First of all, it contained a considerable amount of text for a study which was only suppose to be a treatise. This book wasn't difficult to read, as many would have you think. It's not. In fact, it's pretty straight forward. But would you be interested in reading 700 pages of things having to do with birds, aquatic mammals, cattle, beaks, gills, bills, plumage, fauna, fowl, pollen, eggs, and embryos? Don't get me wrong, I'm as interested to hear where we might have originated from as much as the next person, but if you take the book at face value, who would be interested in reading page after page of detailed observations of animals most of us will live a lifetime without even having encountered and if we do, so what. I say that as a lover of nature. I mean a LOVER of all things outdoors that have to do with looking at stuff, not reading about it. I myself often encounter herons, gorgeous owls (my favorite!), foxes, snakes, etc, but I don't want to read 700 pages about them. I want to admire them for a while, but then keep it moving.

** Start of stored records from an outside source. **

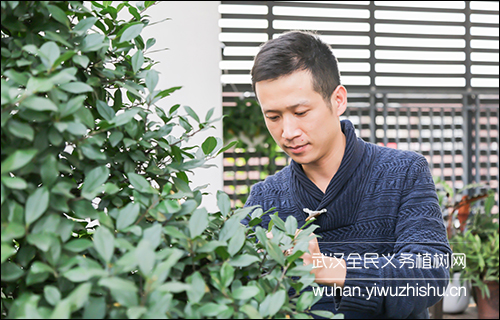 2020 花园家庭 2020 花园家庭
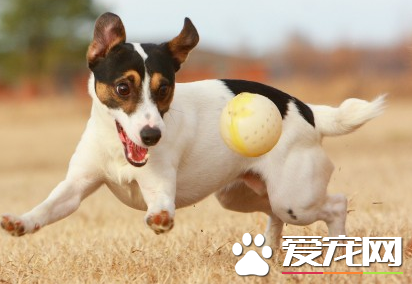 杰克羅素梗掉毛程度 杰克羅素梗掉毛不嚴重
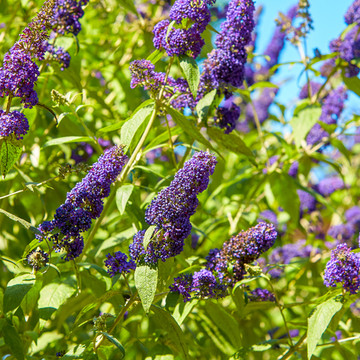 Vlinderstruik Empire Blue Vlinderstruik Empire Blue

From what I gathered, it seems to me that scientists and naturalists can't even agree on the differences between species and varieties to begin with. A lot of these studies aren't even conclusive, which makes a lot of sense now since it's a book on the THEORY of evolution. I didn't stop to think of the literal definition of the word "theory". Had I paused for a moment to give it thought, I would've realized I would be committing weeks to a treatise that is basically speculation. To me that's a huge waste of time when there are so many other books out there to read. Give me history or give me straight up fiction by topics on theory seem pointless to me. 

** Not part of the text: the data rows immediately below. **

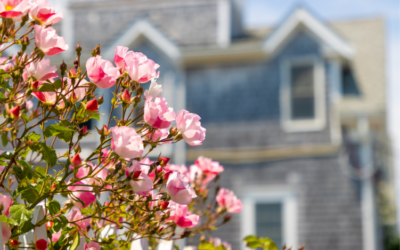 Spring Into Homeownership: Why May is a Great Time to Buy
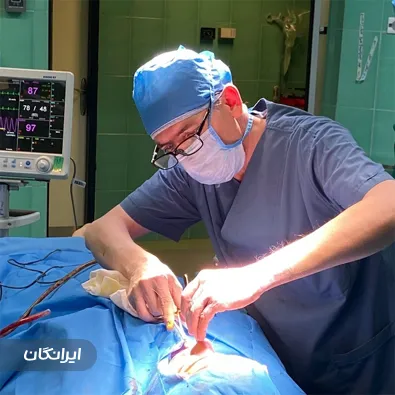 دکتر پرویز ذوالقدری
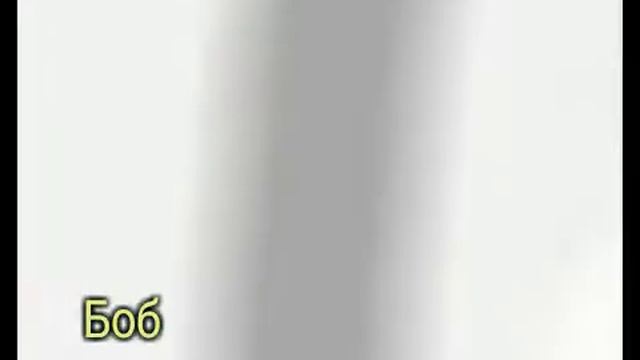 можно покупац двух джуигарских хомяков смотреть онлайн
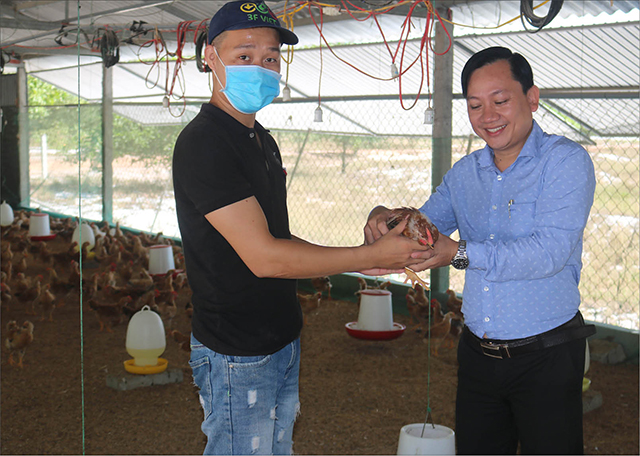 Khởi nghiệp bằng  gà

Also, the idea that Darwin's theory of evolution was indirectly responsible for the genocide of so many people during the Nazi era is simply horrific. I had no clue when I began reading this book that Hitler was a follower of Darwin's theory, taking it to heart (a bit too much) the supposed superiority of the white race, hence, making all other races inferior, and therefore extinguishing them. The Subtitle of The Species of Origin was suppose to be “The Preservation of Favored Races in the Struggle for Life.” Darwin referred to inferior races as "savages", and by savages he meant people with darker skin, such as Native Americans and Africans. Darwin, being the prolific and respected scientist he was, influenced many people (through his work) to practice prejudice, racism and oppression. Hitler believed that the human gene pool could be improved by selective breeding, very much like that of cattle in farm breeding, thus protecting the "superior" race. This is simply horrifying.
In the end I'm glad I read this book, although I hated the actual reading part. Not so much because of what it contains, but because of the role it has played in our history, of which I was clueless about. In the frustration of reading this book, I made the effort to dig for more information about why so many modern day people are still fascinated by it, still not sure, but I did learn a lot from it, and it did inspire me to dig deep into other genocides that have been committed around the world in which this book may or may not have been indirectly responsible for. However, the book was absolutely tedious. It's like reading about a subject you absolutely loath, like sports, or construction. The part of the book that actually cracked me up was chapter XII (Geographical Distribution) because after having read what seemed like 200 pages of that, the next chapter (XIII) was called "Geographical Distribution continued", lol. At that point I was delirious and might have lost it. It's very rare for me to purposely not recommend reading what people consider a "required read", but this was a tough one. If you want to read it to add it to your library, go ahead, but I'm giving you fair warning, it's laborious like nothing you've ever read. You will have to see for yourself.